▸ Input material:
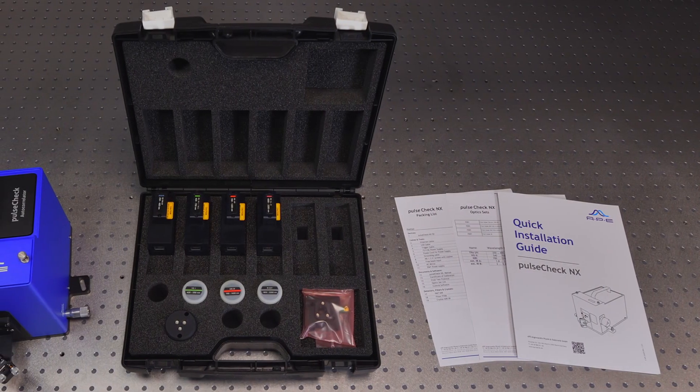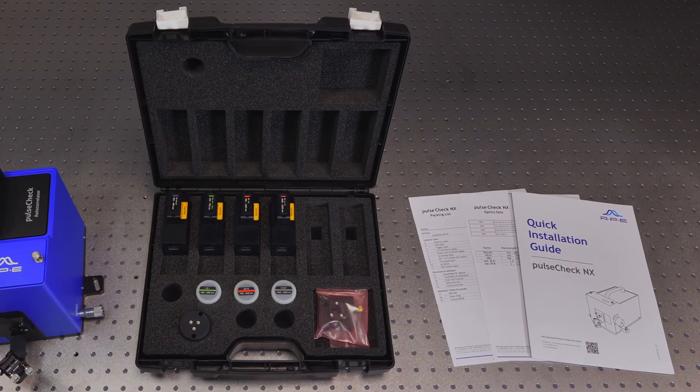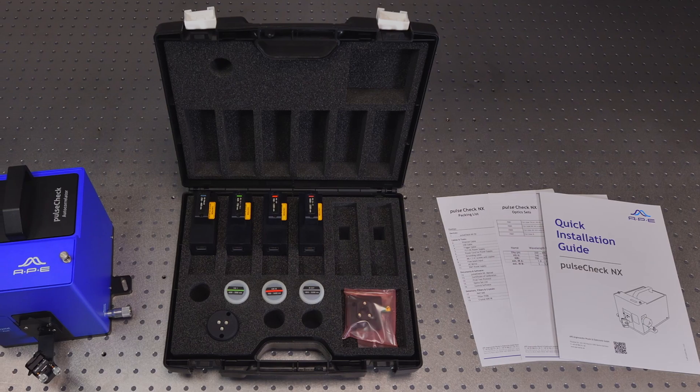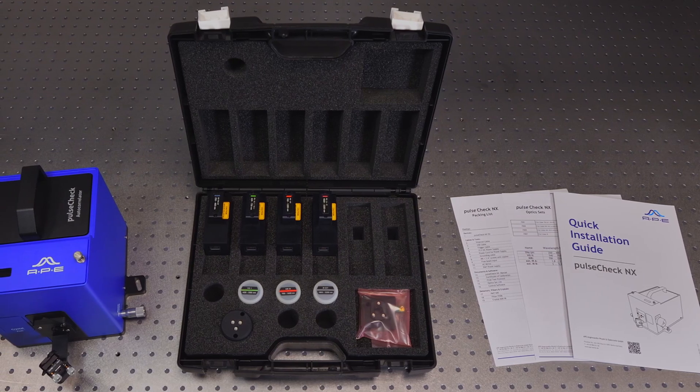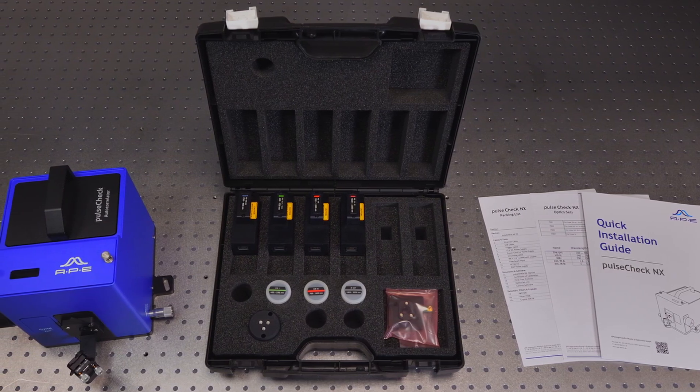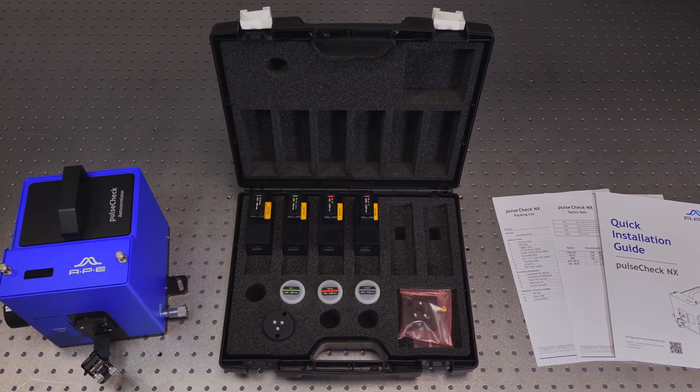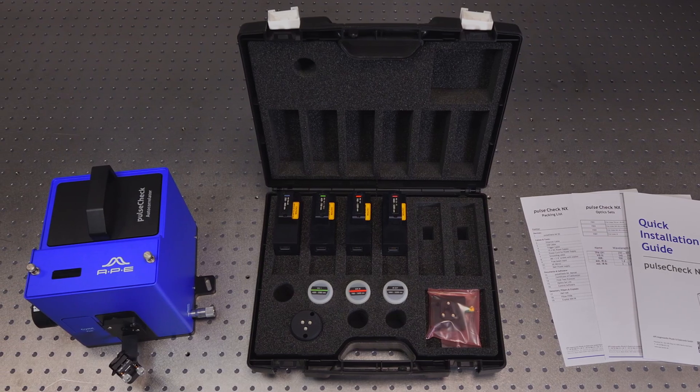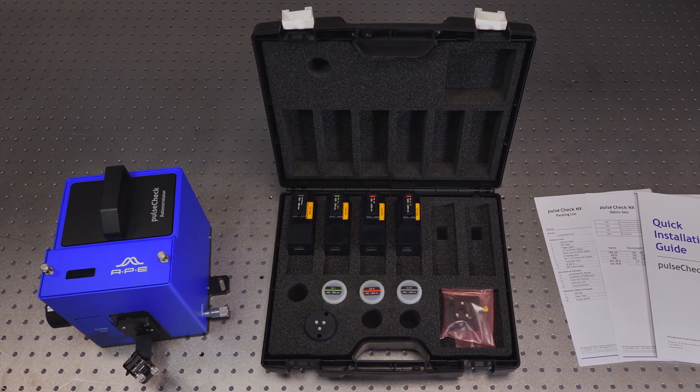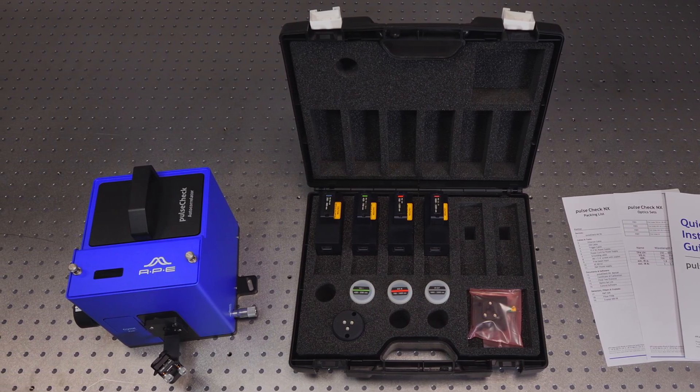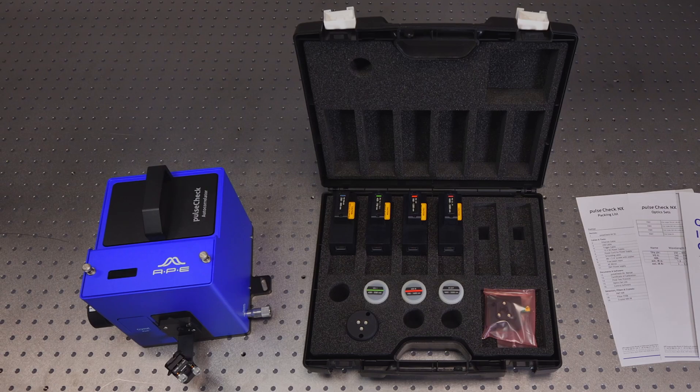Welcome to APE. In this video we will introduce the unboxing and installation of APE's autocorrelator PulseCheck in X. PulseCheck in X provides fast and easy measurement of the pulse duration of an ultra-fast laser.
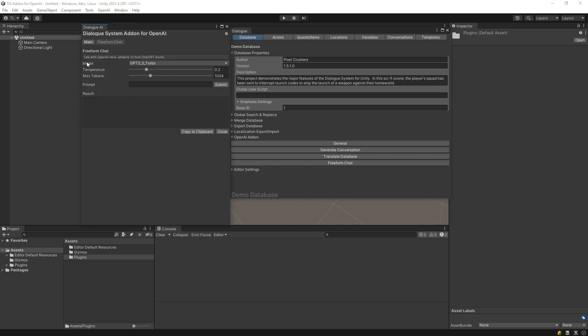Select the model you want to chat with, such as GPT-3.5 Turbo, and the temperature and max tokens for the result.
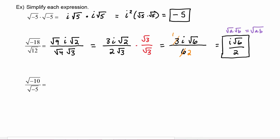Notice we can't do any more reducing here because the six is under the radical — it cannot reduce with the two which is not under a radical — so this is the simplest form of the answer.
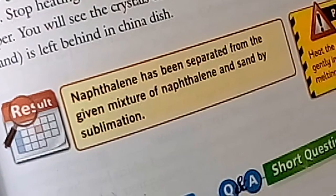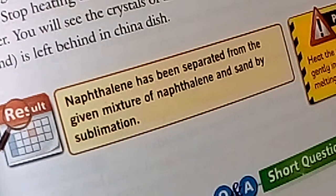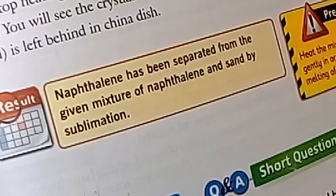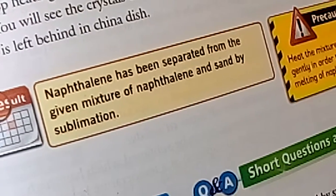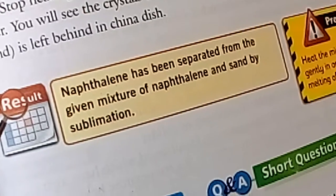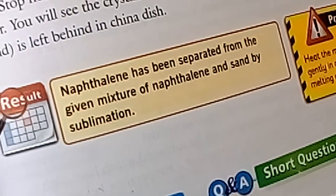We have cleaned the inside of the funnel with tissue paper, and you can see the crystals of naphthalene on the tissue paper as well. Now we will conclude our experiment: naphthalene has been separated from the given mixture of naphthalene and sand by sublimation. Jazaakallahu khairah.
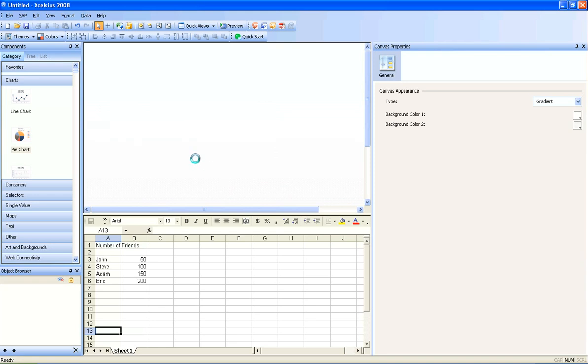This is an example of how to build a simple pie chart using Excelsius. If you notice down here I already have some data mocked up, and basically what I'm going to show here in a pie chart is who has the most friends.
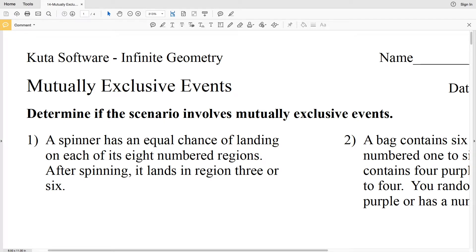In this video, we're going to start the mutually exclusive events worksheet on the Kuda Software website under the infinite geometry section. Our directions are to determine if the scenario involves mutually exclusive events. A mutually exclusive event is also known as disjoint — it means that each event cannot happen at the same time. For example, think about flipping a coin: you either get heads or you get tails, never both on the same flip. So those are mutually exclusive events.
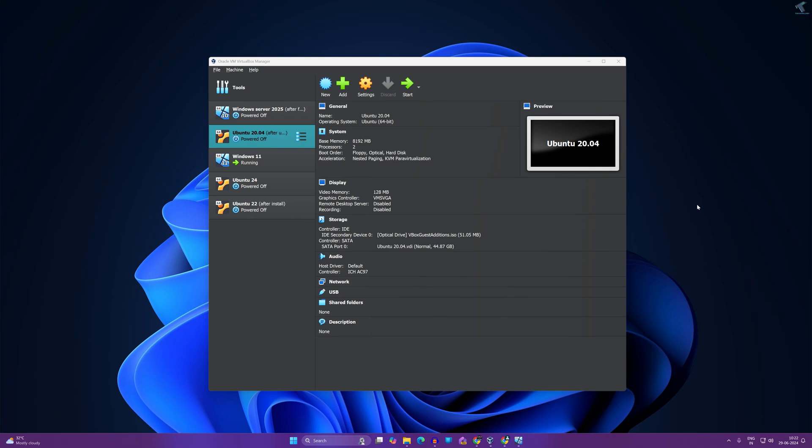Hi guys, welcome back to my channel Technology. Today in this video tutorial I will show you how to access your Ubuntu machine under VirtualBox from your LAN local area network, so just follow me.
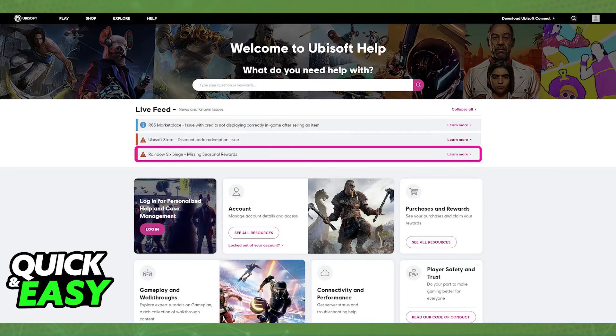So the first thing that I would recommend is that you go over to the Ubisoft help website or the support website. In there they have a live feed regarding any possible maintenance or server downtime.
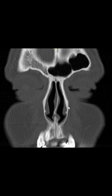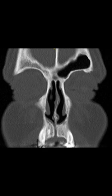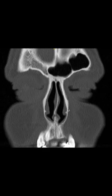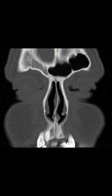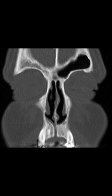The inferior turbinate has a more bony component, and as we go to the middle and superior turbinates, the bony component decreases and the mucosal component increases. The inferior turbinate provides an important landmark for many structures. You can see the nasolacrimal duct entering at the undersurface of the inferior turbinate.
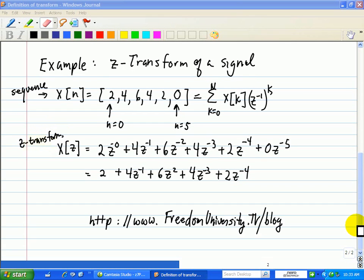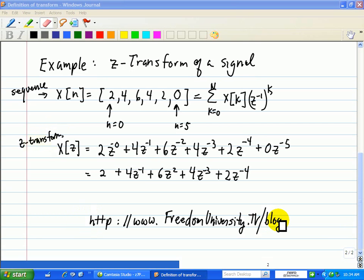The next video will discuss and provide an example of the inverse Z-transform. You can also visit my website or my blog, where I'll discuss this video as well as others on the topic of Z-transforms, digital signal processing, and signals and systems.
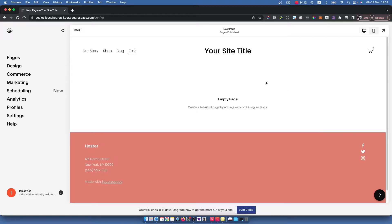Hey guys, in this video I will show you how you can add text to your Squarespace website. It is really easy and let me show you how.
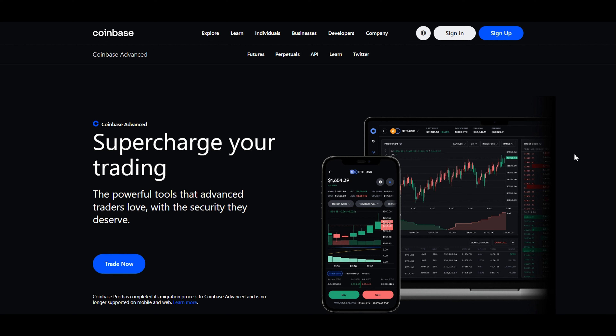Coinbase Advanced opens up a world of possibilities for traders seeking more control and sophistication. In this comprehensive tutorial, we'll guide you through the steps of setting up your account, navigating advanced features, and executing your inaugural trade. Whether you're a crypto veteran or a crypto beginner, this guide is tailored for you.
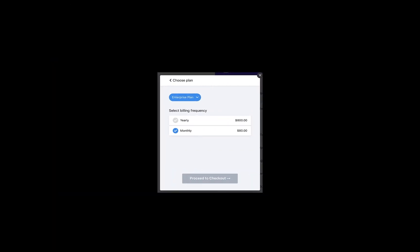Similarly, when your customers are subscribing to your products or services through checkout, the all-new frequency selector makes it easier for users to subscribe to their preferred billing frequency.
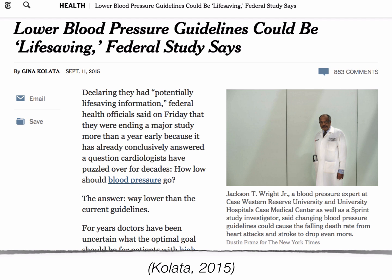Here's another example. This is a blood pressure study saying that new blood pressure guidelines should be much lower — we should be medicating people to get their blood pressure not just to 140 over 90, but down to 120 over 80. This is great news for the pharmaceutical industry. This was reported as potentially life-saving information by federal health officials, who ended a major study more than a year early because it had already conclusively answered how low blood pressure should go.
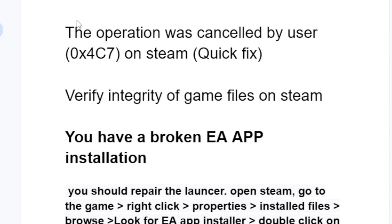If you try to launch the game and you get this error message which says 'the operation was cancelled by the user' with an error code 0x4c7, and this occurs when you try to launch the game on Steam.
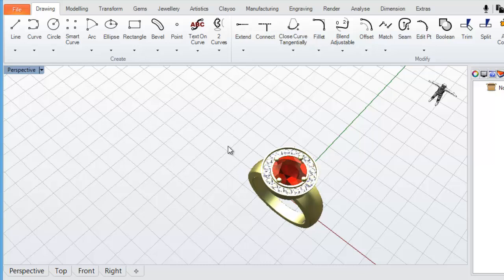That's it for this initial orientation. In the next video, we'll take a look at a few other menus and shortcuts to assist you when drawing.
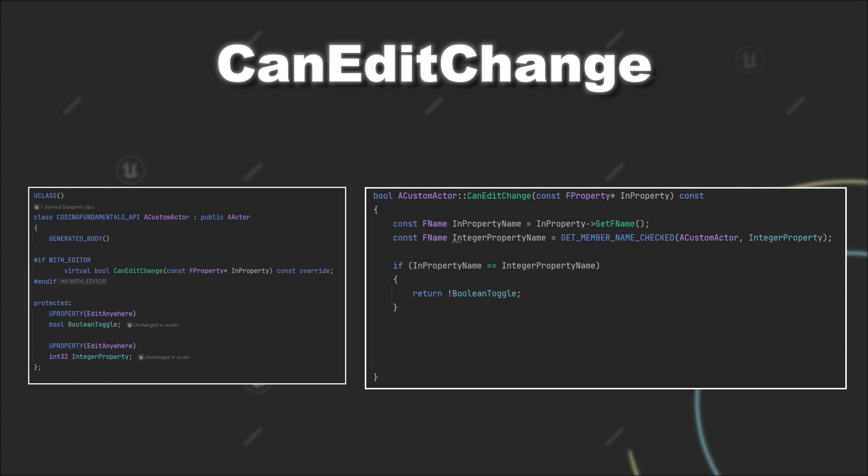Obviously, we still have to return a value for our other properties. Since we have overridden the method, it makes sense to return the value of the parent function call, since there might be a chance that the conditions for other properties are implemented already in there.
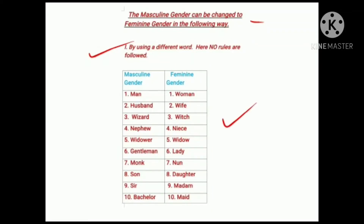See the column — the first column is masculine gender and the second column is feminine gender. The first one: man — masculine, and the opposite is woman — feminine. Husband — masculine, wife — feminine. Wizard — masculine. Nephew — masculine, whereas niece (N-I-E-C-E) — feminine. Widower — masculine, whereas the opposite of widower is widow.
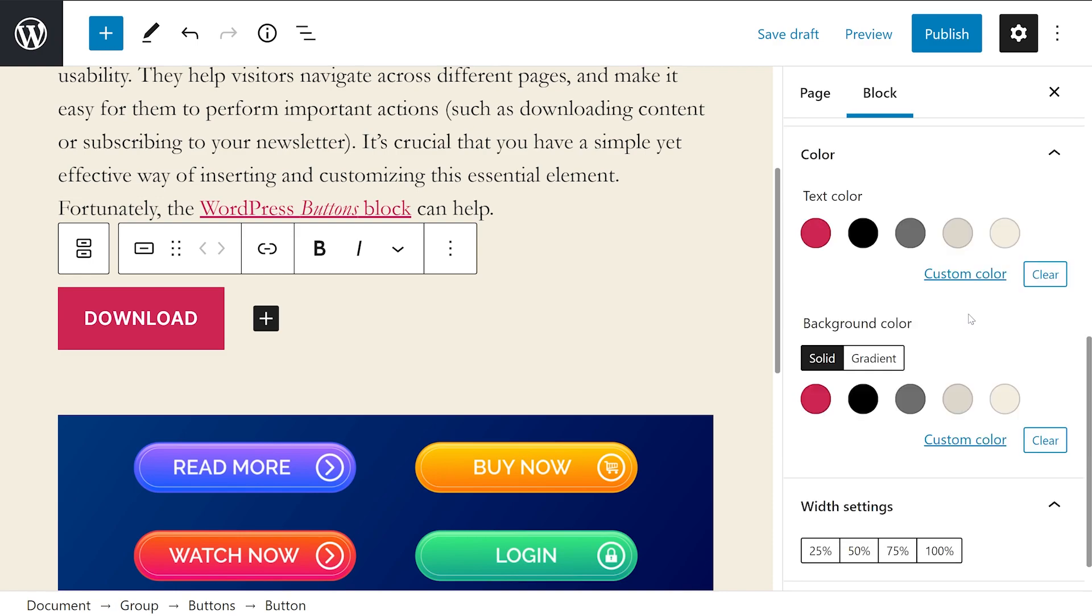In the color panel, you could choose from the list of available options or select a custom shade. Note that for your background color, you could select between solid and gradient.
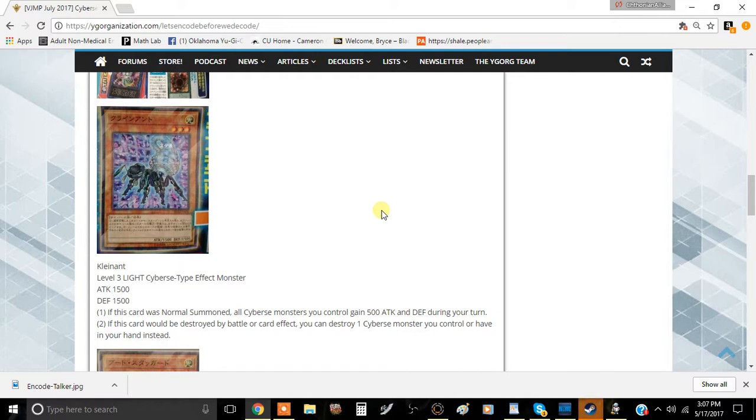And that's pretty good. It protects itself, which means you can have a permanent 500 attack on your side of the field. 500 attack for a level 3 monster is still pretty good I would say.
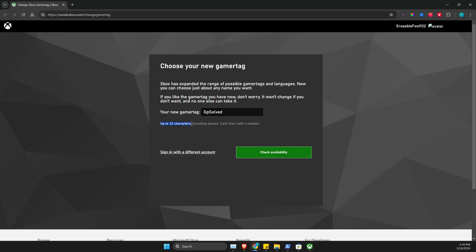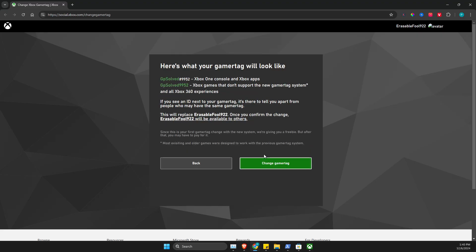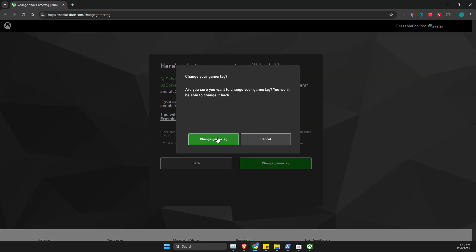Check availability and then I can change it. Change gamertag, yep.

▸ Exercise directions: The line containing "So the first" marks the end: transcribe every line from the start of the listing up to and including it, minus the pictures.

▸ Task result:
Welcome to APE. In this video we will introduce the unboxing and installation of APE's autocorrelator PulseCheck in X. PulseCheck in X provides fast and easy measurement of the pulse duration of an ultra-fast laser.
Select the model you want to chat with, such as GPT-3.5 Turbo, and the temperature and max tokens for the result.
Notice we can't do any more reducing here because the six is under the radical — it cannot reduce with the two which is not under a radical — so this is the simplest form of the answer.
We have cleaned the inside of the funnel with tissue paper, and you can see the crystals of naphthalene on the tissue paper as well. Now we will conclude our experiment: naphthalene has been separated from the given mixture of naphthalene and sand by sublimation. Jazaakallahu khairah.
This is an example of how to build a simple pie chart using Excelsius. If you notice down here I already have some data mocked up, and basically what I'm going to show here in a pie chart is who has the most friends.
In this video, we're going to start the mutually exclusive events worksheet on the Kuda Software website under the infinite geometry section. Our directions are to determine if the scenario involves mutually exclusive events. A mutually exclusive event is also known as disjoint — it means that each event cannot happen at the same time. For example, think about flipping a coin: you either get heads or you get tails, never both on the same flip. So those are mutually exclusive events.
Hi guys, welcome back to my channel Technology. Today in this video tutorial I will show you how to access your Ubuntu machine under VirtualBox from your LAN local area network, so just follow me.
So the first thing that I would recommend is that you go over to the Ubisoft help website or the support website. In there they have a live feed regarding any possible maintenance or server downtime.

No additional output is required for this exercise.